Les Grands Ballets canadiens offrent un retour sur scène à grand déploiement avec la création Roméo et Juliette, signée par le directeur artistique de la compagnie, Ivan Cavallari. Les amateurs de ballet narratif néoclassique seront servis ; ceux à la recherche d’audace resteront sur leur faim.

En 2020, le Ballet national de Géorgie devait présenter, à l’invitation des Grands Ballets, son ballet Roméo et Juliette, une des pièces les plus emblématiques de William Shakespeare. L’histoire tragique des amants de Vérone, leur amour passionnel et impossible, et la rivalité funeste entre les familles Capulet et Montaigu a connu nombre d’adaptations au fil des ans, que ce soit sur scène ou au cinéma.
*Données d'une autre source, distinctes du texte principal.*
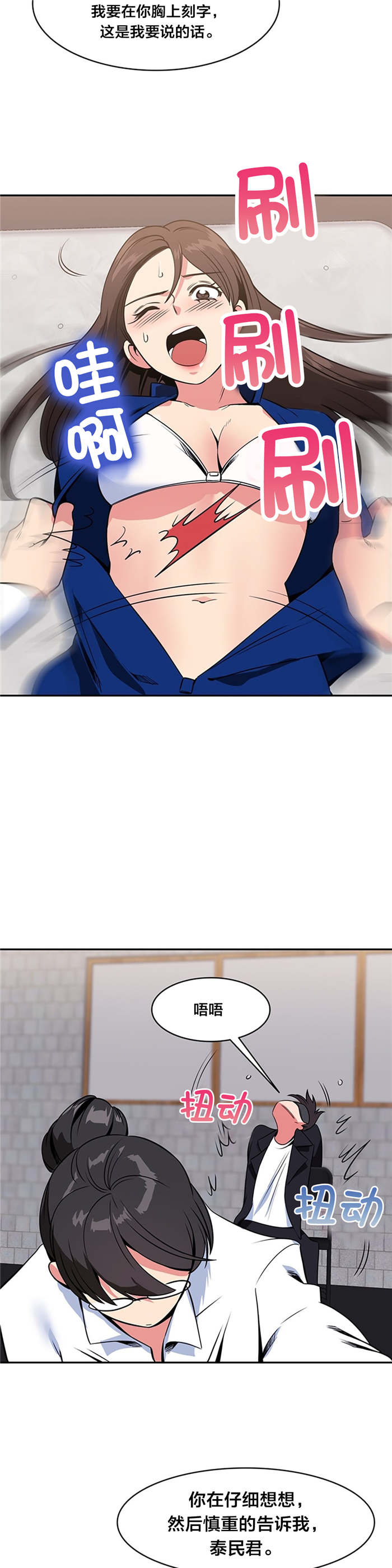 次真拉姆漫画,第53章：审问5图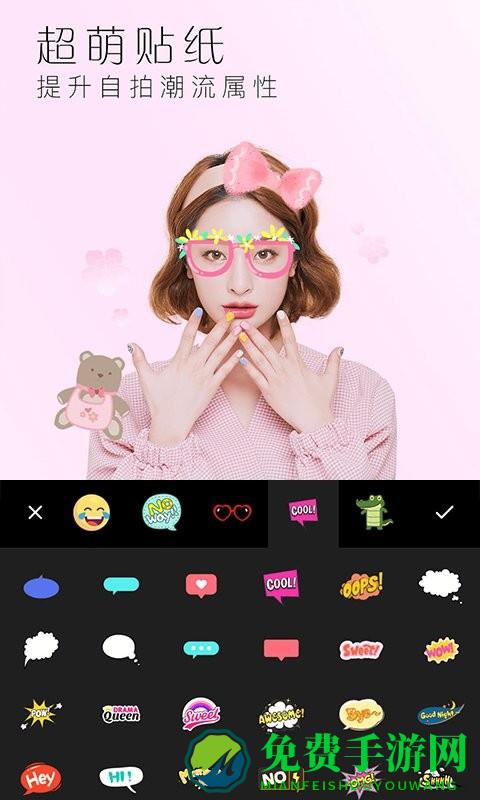 美颜全能相机软件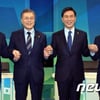 박근혜 구속, 대선 주자들 "국민의 준엄한 명령" vs "謹弔"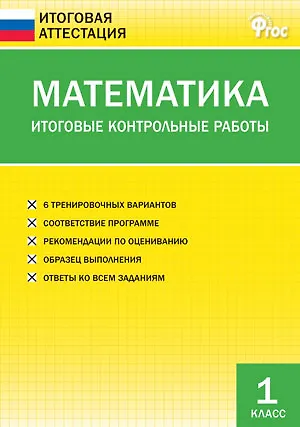 Книга Математика. Итоговые контрольные работы. 1 класс. 6 тренировочных вариантов. Соответствие программе. Рекомендации по оцениванию. Образец выполнения. Ответы ко всем заданиям () — 2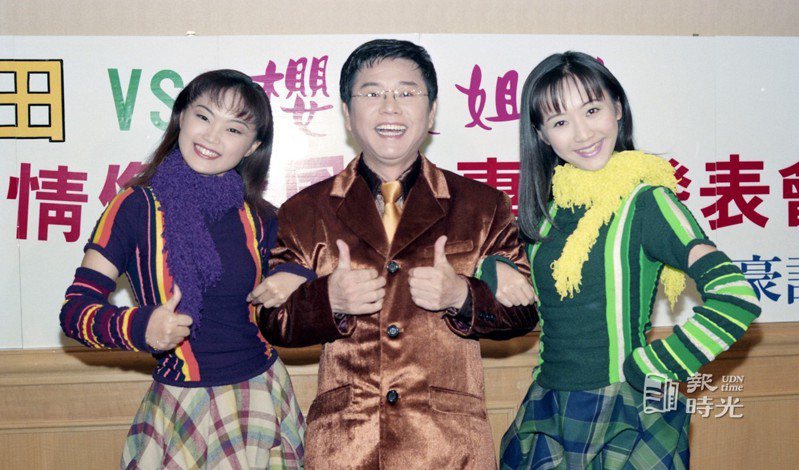 黃西田（中）與櫻桃姐妹舉行「感情像大風颱」新專輯發表會。圖為張辰瑀（左）、安苡葳（右）。圖／聯合報系資料照(1997/12/17  游輝弘攝影)
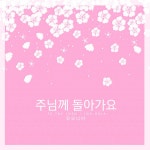 주님께 돌아가요 / 유오디아 - genie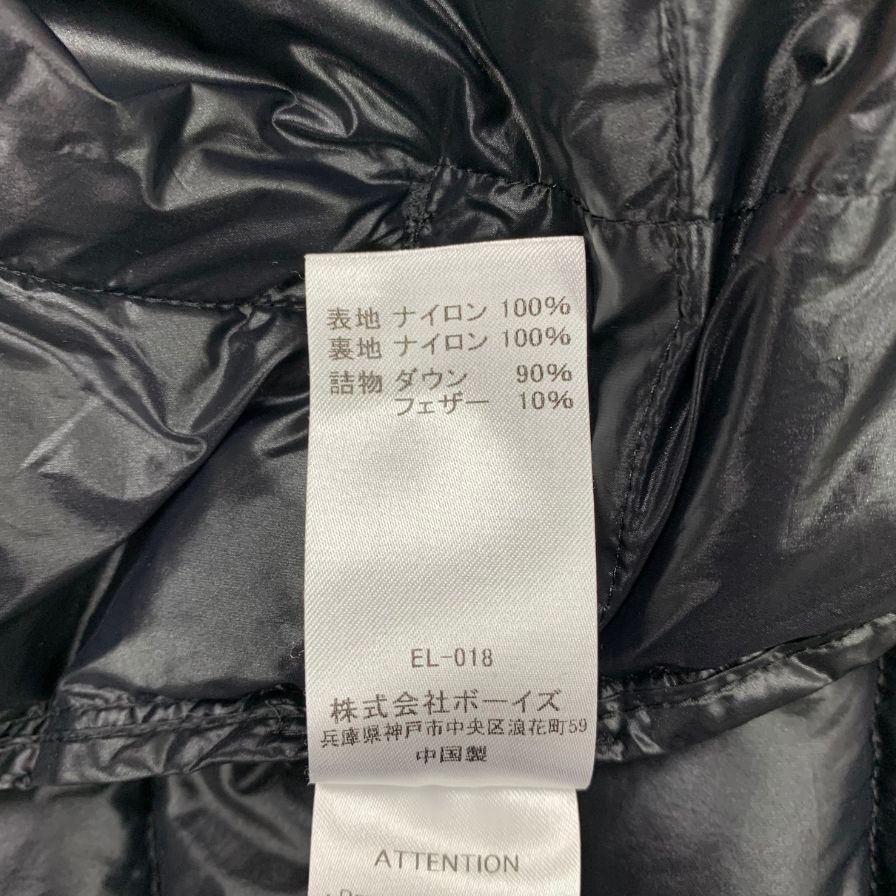 美品◇ダントン ダウンジャケット パッカブルインナーダウン KW22-113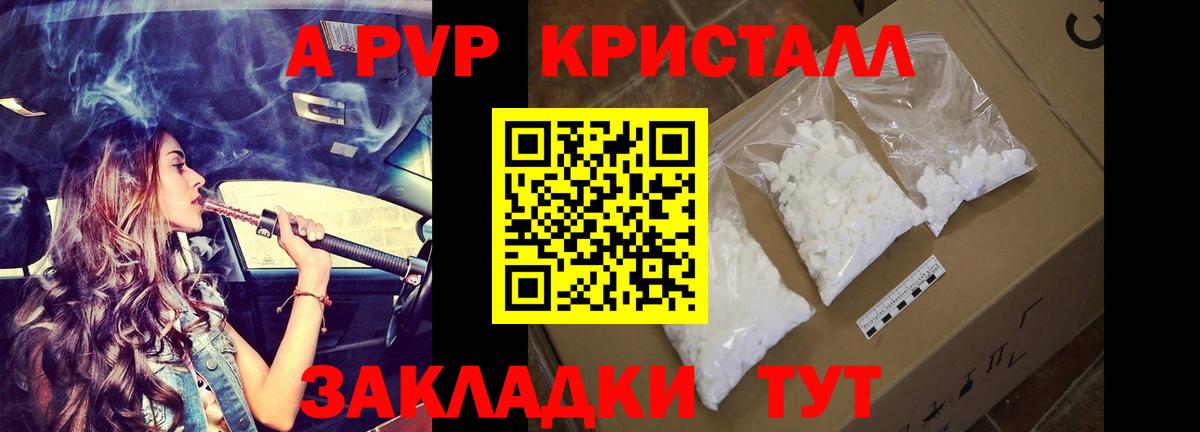 Alpha-PVP кристаллы Черкесск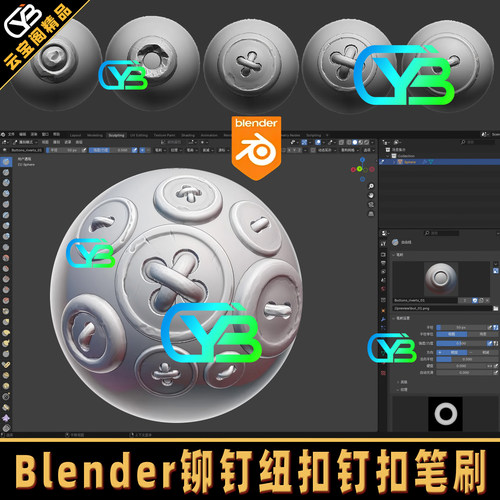 Blender扣子纽扣铆钉雕刻笔刷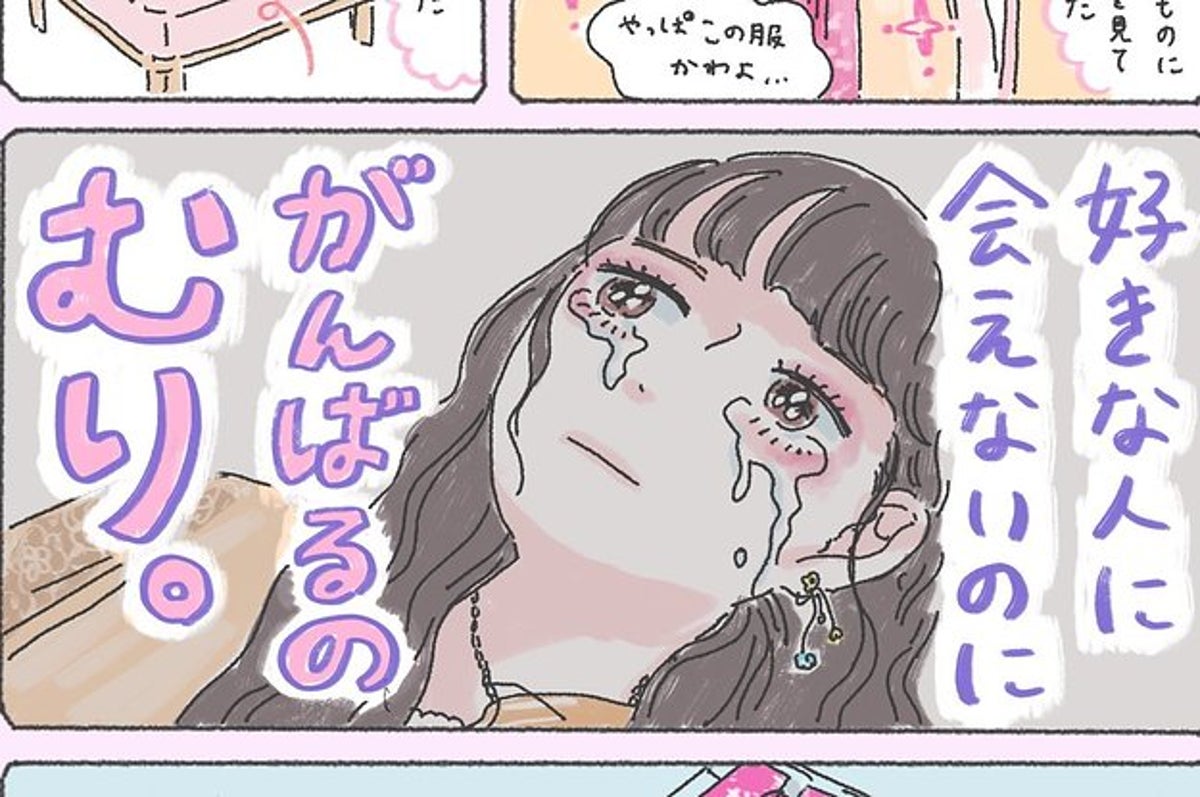 好きな人に会えないのにがんばるのむり 1ヶ月ぶりに変身して気がついたこと 好きな人に会えないのにがんばるのむり 1ヶ月ぶりに変身して気がついたこと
Puis, la pandémie s’est abattue sur nous, et, devant l’incertitude quant à la venue prochaine d’une troupe étrangère ici, le directeur artistique de la compagnie montréalaise, Ivan Cavallari, a décidé d’offrir sa propre version de la célèbre histoire. Pour ce faire, il s’est inspiré, oui, de la pièce de Shakespeare, mais a puisé aussi dans la littérature italienne du 14e et 15e siècle, notamment dans la Divine comédie de Dante. Il offre donc sa vision toute personnelle, assez intimiste, de Roméo et Juliette.

PHOTO SARAH MONGEAU-BIRKETT, LA PRESSE

Les Grands Ballets ont investi beaucoup de temps et d’argent dans la confection des costumes.

Production d’envergure

Pour leur grand retour sur scène, les Grands Ballets ont vraisemblablement voulu faire plaisir à leur public avec une production d’envergure, réunissant les 47 danseurs de la compagnie portant 140 costumes faits main — un investissement de près de 600 000 $ — sur une scène magnifiée par des arbres grandeur nature qui se pareront de diverses couleurs au fil des scènes. Le tout, sans oublier l’Orchestre des Grands Ballets qui fait aussi son retour et exécute en direct de la fosse de la salle Wilfrid-Pelletier la célèbre musique du ballet composé par Sergueï Prokofiev.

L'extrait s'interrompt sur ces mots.